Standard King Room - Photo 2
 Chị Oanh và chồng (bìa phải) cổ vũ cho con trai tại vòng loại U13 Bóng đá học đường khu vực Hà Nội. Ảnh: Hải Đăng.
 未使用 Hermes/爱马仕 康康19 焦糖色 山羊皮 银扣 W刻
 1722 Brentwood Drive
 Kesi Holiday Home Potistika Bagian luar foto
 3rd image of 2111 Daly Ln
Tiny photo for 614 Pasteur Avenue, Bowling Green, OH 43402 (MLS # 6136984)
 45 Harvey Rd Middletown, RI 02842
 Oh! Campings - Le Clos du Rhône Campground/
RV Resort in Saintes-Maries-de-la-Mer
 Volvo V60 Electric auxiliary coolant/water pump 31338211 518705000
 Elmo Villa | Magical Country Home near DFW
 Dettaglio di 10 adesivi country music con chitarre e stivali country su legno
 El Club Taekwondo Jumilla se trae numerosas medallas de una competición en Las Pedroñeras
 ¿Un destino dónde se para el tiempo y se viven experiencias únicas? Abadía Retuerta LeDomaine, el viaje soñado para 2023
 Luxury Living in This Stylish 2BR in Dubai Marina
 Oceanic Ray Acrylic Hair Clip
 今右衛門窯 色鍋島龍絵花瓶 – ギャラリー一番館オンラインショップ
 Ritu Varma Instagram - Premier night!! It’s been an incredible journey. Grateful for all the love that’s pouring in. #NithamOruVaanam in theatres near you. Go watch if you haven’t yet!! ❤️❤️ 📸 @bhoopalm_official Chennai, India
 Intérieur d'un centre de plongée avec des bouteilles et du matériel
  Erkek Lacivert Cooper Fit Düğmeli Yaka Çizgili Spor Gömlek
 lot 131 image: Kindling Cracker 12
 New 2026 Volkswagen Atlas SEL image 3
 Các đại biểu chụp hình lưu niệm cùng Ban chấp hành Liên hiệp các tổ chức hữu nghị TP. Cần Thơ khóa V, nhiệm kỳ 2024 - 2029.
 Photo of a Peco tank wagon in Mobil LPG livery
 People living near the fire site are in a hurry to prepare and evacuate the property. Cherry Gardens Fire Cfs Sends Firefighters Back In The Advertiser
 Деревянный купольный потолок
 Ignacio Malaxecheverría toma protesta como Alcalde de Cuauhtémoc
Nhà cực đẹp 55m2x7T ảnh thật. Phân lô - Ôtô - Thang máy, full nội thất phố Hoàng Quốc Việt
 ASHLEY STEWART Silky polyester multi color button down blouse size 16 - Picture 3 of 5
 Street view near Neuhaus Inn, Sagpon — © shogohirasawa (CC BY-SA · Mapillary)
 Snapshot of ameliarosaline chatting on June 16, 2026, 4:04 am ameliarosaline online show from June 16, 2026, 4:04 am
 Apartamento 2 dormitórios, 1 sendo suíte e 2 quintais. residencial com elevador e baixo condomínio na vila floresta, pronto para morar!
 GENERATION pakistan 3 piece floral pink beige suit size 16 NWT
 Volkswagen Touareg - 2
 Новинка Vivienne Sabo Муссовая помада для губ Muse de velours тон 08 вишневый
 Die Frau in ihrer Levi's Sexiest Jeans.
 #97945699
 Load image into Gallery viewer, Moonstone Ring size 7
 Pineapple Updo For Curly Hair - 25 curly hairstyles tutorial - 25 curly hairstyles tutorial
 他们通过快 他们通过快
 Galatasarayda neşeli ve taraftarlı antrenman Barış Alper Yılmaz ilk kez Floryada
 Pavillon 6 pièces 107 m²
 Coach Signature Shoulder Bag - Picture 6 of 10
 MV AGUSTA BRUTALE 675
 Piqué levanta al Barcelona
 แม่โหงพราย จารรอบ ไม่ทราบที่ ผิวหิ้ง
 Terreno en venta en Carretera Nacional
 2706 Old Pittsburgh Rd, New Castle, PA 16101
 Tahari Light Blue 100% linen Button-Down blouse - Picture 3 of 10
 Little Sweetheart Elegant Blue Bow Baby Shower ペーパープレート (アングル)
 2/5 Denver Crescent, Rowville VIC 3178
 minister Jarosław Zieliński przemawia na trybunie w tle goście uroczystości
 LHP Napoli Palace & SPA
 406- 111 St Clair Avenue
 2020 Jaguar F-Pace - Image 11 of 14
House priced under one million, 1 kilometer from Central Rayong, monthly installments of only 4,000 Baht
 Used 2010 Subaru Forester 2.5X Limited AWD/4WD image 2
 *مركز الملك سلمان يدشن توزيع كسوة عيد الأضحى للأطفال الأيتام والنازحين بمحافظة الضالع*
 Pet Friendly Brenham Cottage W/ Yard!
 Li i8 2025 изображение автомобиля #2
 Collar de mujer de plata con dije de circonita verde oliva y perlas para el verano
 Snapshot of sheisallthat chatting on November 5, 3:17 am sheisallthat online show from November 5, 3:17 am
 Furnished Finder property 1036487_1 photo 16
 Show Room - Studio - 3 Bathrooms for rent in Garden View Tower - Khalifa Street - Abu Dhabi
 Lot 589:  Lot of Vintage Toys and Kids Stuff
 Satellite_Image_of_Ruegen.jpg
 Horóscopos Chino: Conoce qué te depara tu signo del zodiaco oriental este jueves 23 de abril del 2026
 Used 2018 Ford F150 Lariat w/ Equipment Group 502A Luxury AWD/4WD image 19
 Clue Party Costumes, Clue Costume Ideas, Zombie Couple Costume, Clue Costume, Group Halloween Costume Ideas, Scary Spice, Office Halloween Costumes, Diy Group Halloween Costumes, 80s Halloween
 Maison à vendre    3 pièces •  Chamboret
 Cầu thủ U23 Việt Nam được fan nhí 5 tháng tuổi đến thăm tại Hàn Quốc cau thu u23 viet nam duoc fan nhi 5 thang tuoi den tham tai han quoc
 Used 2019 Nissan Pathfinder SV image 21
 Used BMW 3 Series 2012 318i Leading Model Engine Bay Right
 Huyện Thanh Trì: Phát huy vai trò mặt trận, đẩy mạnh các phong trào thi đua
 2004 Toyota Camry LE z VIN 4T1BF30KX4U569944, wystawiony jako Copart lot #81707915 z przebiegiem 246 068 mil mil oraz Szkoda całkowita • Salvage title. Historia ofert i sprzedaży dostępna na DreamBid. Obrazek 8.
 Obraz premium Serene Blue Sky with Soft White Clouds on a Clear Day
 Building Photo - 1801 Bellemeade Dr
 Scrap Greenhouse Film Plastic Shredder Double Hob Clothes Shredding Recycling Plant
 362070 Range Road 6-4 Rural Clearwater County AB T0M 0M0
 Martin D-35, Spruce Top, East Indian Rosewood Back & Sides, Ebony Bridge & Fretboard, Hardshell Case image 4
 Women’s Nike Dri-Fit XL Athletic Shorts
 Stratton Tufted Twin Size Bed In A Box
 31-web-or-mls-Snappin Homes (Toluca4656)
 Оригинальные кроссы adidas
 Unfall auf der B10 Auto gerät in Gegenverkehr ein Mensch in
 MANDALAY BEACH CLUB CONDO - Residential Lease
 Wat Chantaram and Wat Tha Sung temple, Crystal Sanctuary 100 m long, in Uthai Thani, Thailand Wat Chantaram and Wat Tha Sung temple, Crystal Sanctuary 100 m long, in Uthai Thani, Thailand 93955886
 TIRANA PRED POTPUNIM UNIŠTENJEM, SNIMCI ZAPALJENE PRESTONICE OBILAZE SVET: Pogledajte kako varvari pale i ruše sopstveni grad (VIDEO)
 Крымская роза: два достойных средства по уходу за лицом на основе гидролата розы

^^^^

Go through the listing above and pull out each line containing the word "from".

## Exercise solution
 Snapshot of ameliarosaline chatting on June 16, 2026, 4:04 am ameliarosaline online show from June 16, 2026, 4:04 am
House priced under one million, 1 kilometer from Central Rayong, monthly installments of only 4,000 Baht
 Snapshot of sheisallthat chatting on November 5, 3:17 am sheisallthat online show from November 5, 3:17 am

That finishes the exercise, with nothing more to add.